To each of the moderators who never cease to amaze us with the support they give and all the help they give in helping run FF.

To all the Admin team who help keep us afloat and who are our very dearest friends, a special thank you to you.

With lots of love and best wishes to you all

Melanie, Tony and Jessica
x x x x x x x x​


----------



## Suzie (Jan 22, 2004)

To Mel & Tony , thank you for setting up FF and allowing people from all over the world to be part of a place that truly understands what they are going through xx

To all our members may you all have a merry christmas and in 2009 may all your wishes come true xx

To all my lovely mods, thank you, thank you, thank you, for all your hard work. What would we do without you xx

To the admin team, thankyou for putting up with me! and may 2009 bring many good things to you all xx​


----------



## Jo (Mar 22, 2002)

​
*Wishing Everyone of Fertilityfriends a
Very Merry Christmas
and
Happy New Year.

May many dreams come true in the year to come.

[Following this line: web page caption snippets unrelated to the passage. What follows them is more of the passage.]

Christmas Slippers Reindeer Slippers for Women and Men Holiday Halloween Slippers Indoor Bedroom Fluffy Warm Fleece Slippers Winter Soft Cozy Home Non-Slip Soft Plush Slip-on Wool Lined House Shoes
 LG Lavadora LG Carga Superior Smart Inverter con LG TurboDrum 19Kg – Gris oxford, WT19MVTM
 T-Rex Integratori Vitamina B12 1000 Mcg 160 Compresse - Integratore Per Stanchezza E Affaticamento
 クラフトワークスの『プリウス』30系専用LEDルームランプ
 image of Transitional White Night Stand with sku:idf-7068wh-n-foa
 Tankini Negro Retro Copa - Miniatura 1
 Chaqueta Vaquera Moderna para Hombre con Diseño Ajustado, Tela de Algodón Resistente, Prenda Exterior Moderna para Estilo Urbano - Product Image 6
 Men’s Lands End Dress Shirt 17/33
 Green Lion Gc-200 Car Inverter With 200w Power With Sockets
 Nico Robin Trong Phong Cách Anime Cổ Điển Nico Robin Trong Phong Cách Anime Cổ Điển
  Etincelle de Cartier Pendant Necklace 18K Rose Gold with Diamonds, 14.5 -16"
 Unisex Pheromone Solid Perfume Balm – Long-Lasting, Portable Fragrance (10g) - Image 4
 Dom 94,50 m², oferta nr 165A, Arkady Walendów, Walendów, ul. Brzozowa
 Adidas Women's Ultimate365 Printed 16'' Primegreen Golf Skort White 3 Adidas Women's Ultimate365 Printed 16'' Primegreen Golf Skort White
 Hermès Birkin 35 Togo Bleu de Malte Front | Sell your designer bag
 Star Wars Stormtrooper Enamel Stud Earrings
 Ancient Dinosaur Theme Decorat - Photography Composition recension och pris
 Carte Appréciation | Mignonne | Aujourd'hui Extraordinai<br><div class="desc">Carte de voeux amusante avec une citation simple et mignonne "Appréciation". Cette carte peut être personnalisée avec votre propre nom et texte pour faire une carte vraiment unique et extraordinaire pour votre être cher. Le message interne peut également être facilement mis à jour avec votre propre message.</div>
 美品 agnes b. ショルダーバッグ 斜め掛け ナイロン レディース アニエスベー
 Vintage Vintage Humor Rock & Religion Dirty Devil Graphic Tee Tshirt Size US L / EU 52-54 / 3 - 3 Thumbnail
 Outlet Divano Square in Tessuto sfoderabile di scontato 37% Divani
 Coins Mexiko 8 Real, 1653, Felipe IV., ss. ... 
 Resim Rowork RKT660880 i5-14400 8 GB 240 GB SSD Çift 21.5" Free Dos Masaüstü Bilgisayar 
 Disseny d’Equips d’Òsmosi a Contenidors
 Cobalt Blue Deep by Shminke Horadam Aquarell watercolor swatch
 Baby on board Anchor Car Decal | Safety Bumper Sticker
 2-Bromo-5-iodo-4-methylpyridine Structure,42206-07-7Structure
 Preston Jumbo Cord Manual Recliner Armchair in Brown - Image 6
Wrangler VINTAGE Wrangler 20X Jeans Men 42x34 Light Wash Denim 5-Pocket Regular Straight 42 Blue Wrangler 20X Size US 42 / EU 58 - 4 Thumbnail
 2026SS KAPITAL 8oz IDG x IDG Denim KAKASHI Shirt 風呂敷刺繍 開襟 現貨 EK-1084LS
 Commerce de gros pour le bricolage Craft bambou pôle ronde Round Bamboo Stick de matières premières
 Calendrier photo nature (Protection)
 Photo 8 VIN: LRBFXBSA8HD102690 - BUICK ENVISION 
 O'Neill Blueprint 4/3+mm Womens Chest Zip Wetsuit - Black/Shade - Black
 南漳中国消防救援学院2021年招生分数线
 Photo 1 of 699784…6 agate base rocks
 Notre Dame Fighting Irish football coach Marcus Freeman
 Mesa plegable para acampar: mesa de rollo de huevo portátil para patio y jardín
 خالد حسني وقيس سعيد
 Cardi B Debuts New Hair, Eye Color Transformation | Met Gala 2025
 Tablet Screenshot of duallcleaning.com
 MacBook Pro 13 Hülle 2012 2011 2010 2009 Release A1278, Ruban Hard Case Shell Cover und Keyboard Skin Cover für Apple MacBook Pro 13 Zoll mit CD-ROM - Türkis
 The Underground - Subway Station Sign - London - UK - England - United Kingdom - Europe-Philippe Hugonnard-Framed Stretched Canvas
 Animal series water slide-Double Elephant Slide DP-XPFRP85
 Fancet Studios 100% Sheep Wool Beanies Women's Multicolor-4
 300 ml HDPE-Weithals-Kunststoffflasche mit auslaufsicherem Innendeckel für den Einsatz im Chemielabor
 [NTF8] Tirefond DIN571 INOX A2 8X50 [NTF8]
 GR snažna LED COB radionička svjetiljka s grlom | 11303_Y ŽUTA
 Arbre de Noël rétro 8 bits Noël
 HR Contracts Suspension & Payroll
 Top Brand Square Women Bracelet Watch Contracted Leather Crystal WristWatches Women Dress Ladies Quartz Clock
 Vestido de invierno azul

Thanking all the mods, without you all this site just wouldn't work so smoothly 

To All the Admin, Thank you for being there for me whenever I needed you, even when things are tough for you, you are all very dear friends, wishing lots of happy times ahead

Love to you all
Jo
x x x *​


----------



## DizziSquirrel (Feb 15, 2005)

To All My FF Friends,
​


----------



## wouldloveababycat (Mar 21, 2004)

Merry Christmas Everyone ..Hope 2009 is a year to remember for all the best reasons xxx

Cat x


----------



## Dee (Jan 27, 2003)

Adding my christmas wishes here ...

Mel and Tony ... you know what I think of you!     xxx

The Mod Team ... thank you for everything that you do to support FF   xxx

The Admin Team ... thank you for being the best friends a girl could wish for and for keeping me sane!   xxx

All Our Members ... thank you for being part of our wonderful community   xxx

May ALL your christmas dreams become reality

Love
Dee
xxx


----------